It can’t have been easy making the perfect playlist to fit someone who seems like they don’t enjoy anything, let alone a good song, but somehow the show’s music supervisor nailed it. You can find our gothic protagonist listening to gloomy Spanish melodies like La Llorona by Chavela Vargas or Tierra Rica by Carmita Jiménez, usually flowing mournfully from her gramophone.  Wednesday’s haunting cello covers, ranging from Paint It Black by The Rolling Stones to Vivaldi’s famous Winter, also grace the soundtrack from time to time. As for the score, I thought composers Danny Elfman and Chris Bacon did a wonderful job using background instrumentals to add suspense and to set the overall playfully creepy mood of the show.
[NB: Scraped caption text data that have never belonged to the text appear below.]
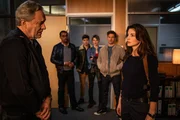 Katharina Hahn (Bianca Hein, r.) verabschiedet sich von Ihren SOKO-Kollegen Arthur Bauer (Gerd Silberbauer, l.), Franz Ainfachnur (Christofer v. Beau, hinten l.), Paul Leonhard (Jascha Rust, hinten 2. v.l.), Resi Schwaiger (Mersiha Husagic, hinten 2. v.r.) und Dominik Morgenstern (Joscha Kiefer, hinten r.).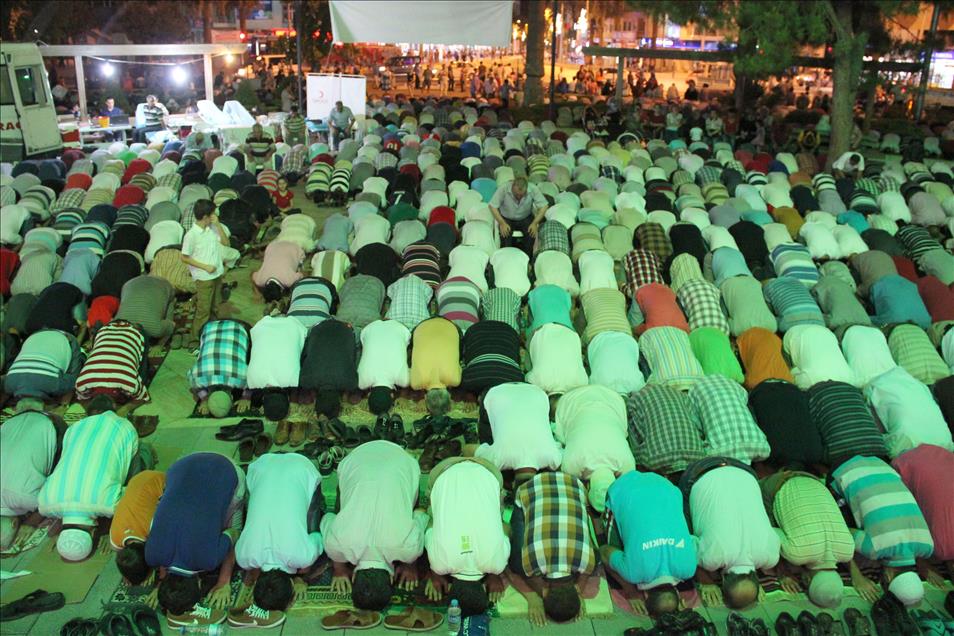 Denizli'de Kadir Gecesi coşkusu 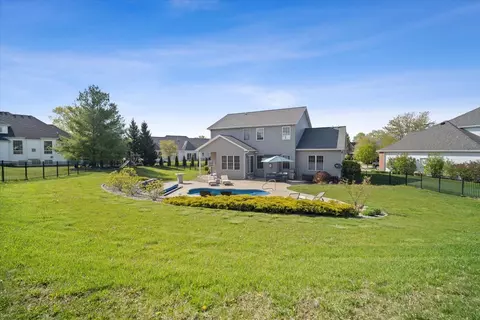 Exterior - 2 Turtleback Ct, Bloomington, IL 61705 photo 4 of 7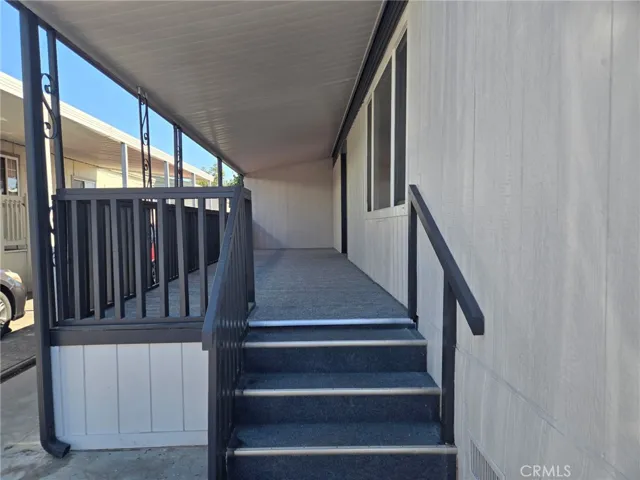 Front entrance with sitting area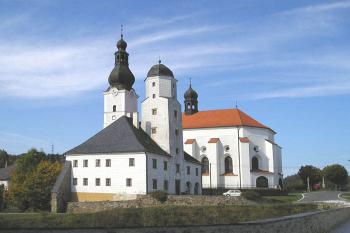 kostel s budovou fojtství od zámku (© de.ardoise 10/2005)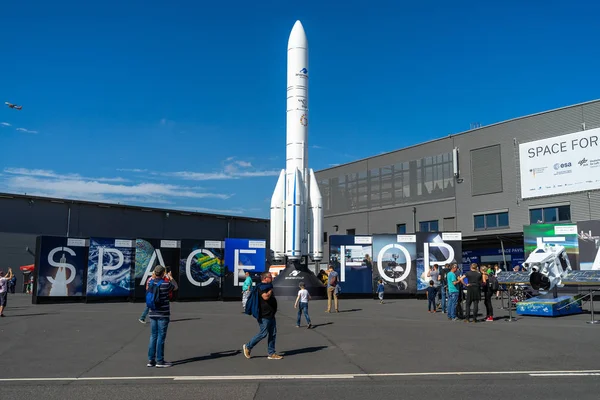 Berlin Abril 2018 Modelo Foguete Ariane Arianespace Frente Pavilhão Espacial — Fotografia de Stock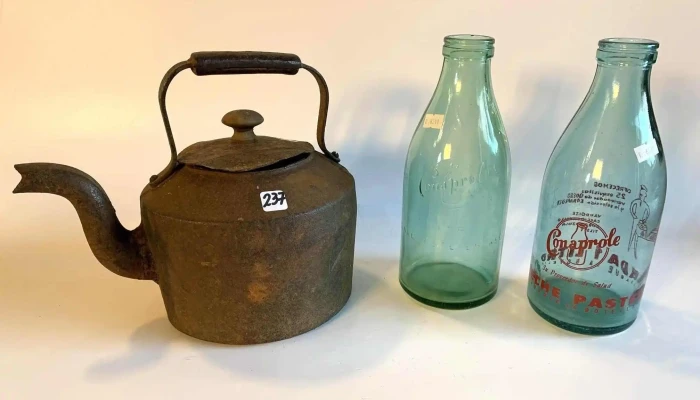 1 Caldera De Hierro Y 2 Botellas Conaprole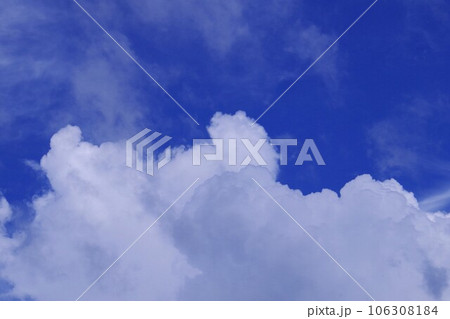 夏の青空と白い雲 夏の青空と白い雲 106308184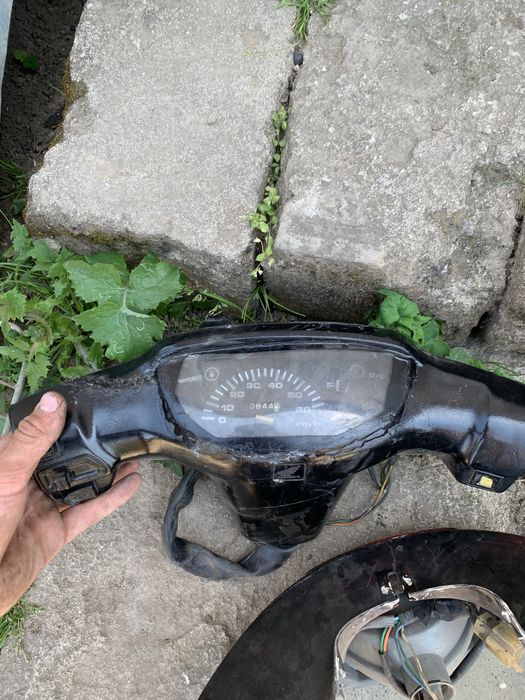 Продам пластик і пердній тормоз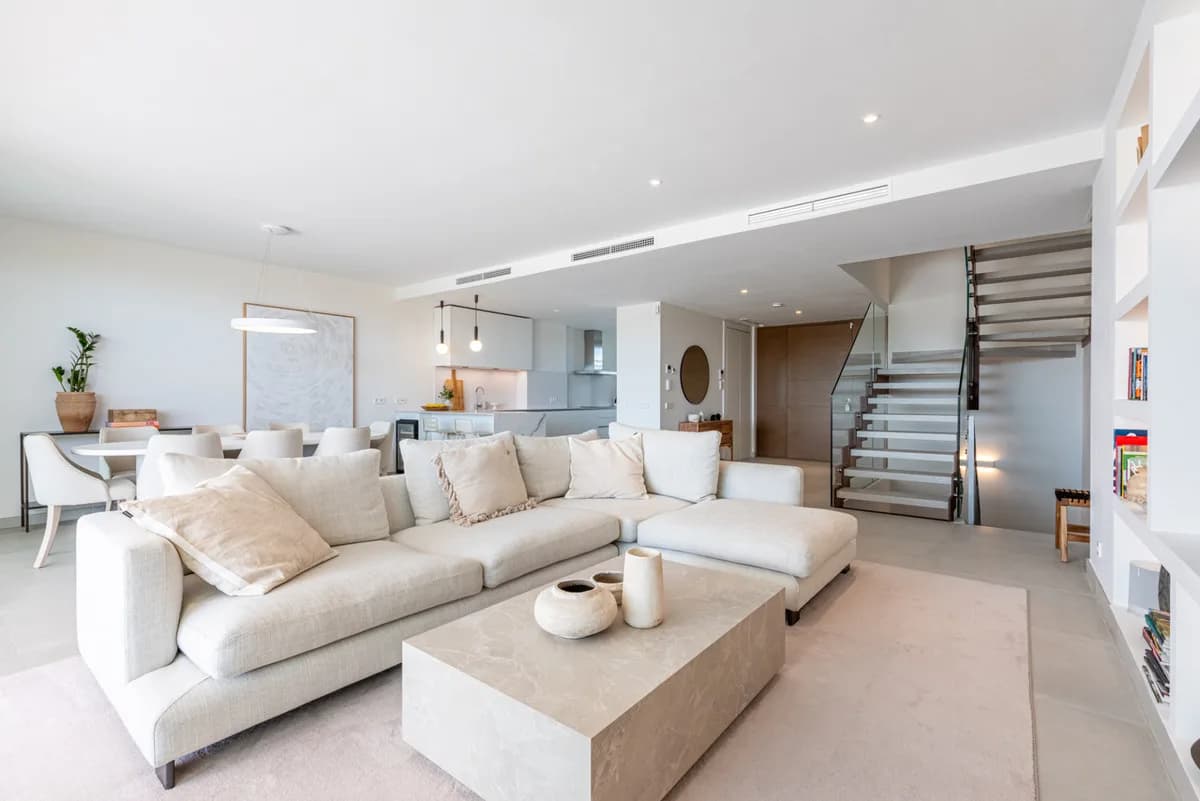 4 Bedroom Semi-Detached House for Sale in San Pedro de Alcántara, Málaga - Image 7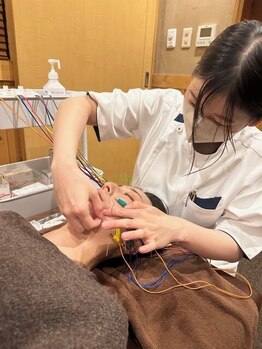 すみのどうえきまえ整骨院の写真/【立体造顔美容鍼】本格的なアプローチでお肌の張り弾力の向上を。丁寧なカウンセリングで理想の肌質改善へ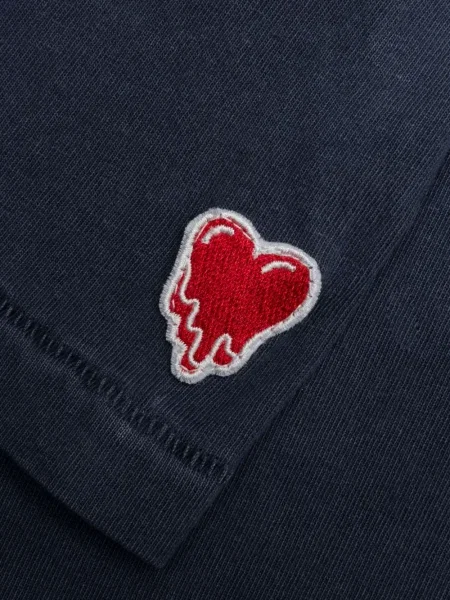Tricou Emotionally Unavailable cu motiv cu inimi albastru
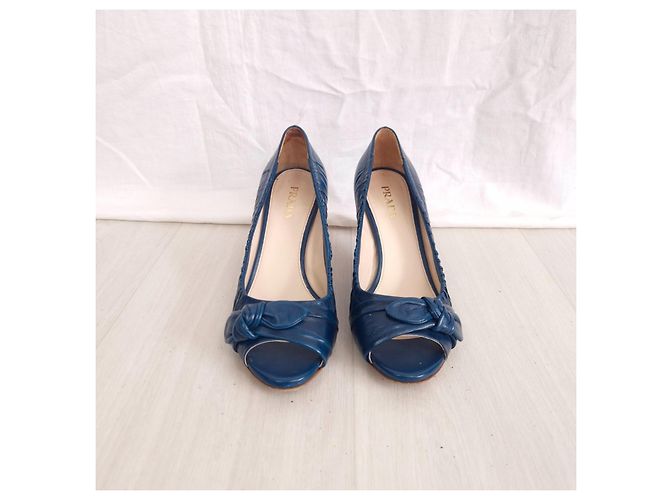 Prada Décolleté open toe in pelle blu petrolio - vista 3
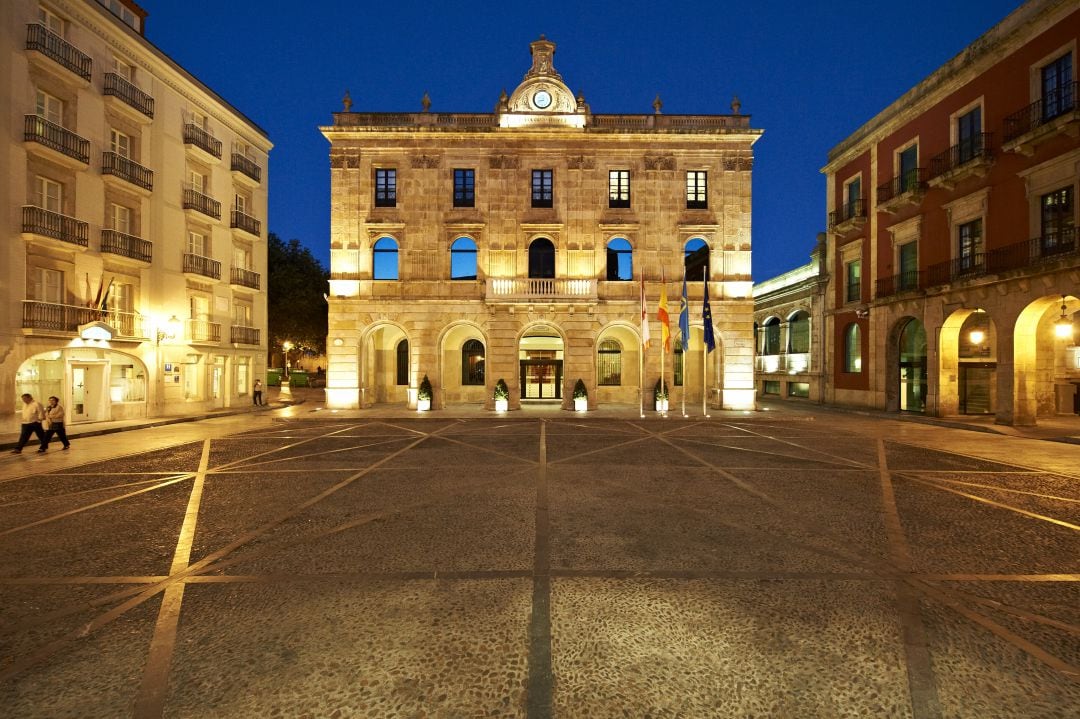 Ayuntamiento de Gijón en cuya trasera se eliminarán plazas de aparcamiento. 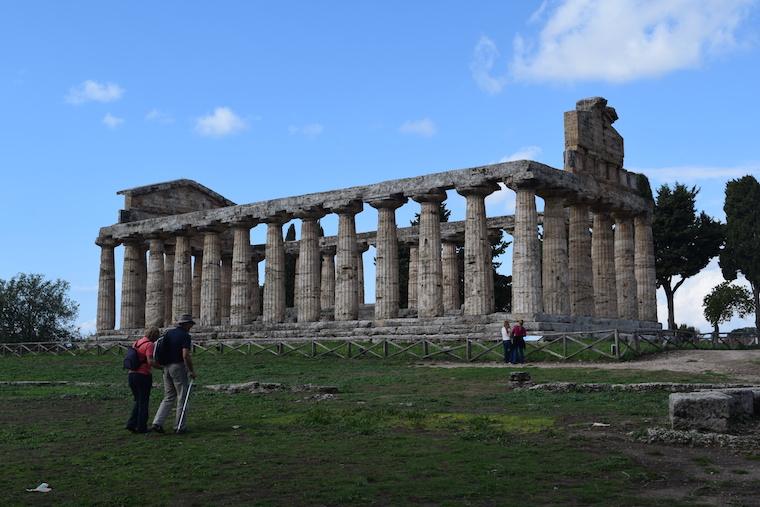 paestum italia templo atena de lado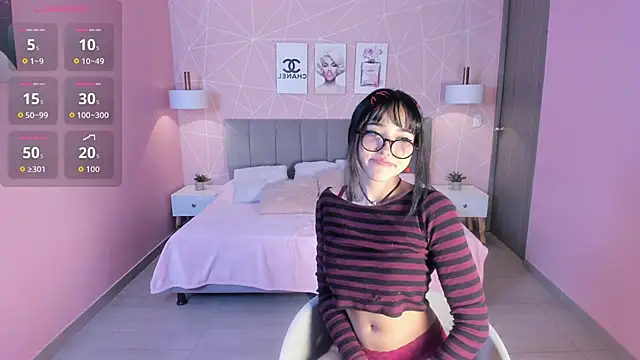 Snapshot of ela_petit chatting on 10-04-25, 12:58 ela petit online show from 10-04-25, 12:58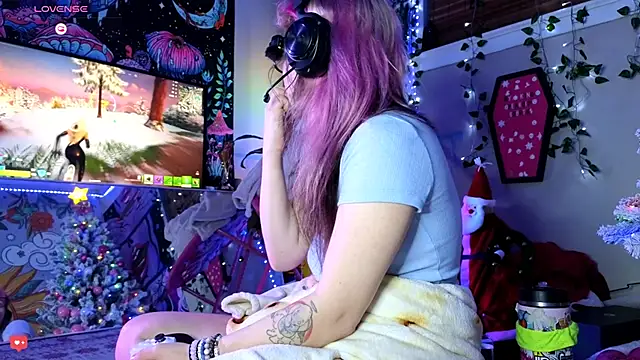 Cutiepiespanks's cam snapshot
Perhaps most exciting for me, as an avid enjoyer of the previous films, was Christina Ricci’s role in the series. Ricci starred in both 1990s films as Wednesday Addams. In “Wednesday” she plays Marilyn Thornhill, Nevermore’s first “normie” teacher. She attempts to bond with Wednesday over their shared role as pariahs in a school full of outcasts. Wednesday’s dark personality sets her apart from her peers, while Thornhill is looked down upon due to her being too abnormal for the “normies”, and too normal for the outcasts. The role of a seemingly virtuous herbology teacher is a complete one-eighty from Ricci’s previous character, creating a fun dynamic for viewers familiar with the previous adaptation. 

Another thrilling cameo in the series was that of Fred Armisen in the role of Uncle Fester. Armisen is an expert comedian, with eleven years as an SNL cast member under his belt, accompanied by numerous roles in films and television. The energy he brought to Uncle Fester was absolutely impeccable for the role, and although his appearance lasted for only one episode, he very nearly stole the show.

Although certain aspects of the show felt a little too cheesy or forced, it was overall a charmingly droll adaptation. For old and new fans alike, it makes for the perfect binge-watch for these dark and dreary winter months.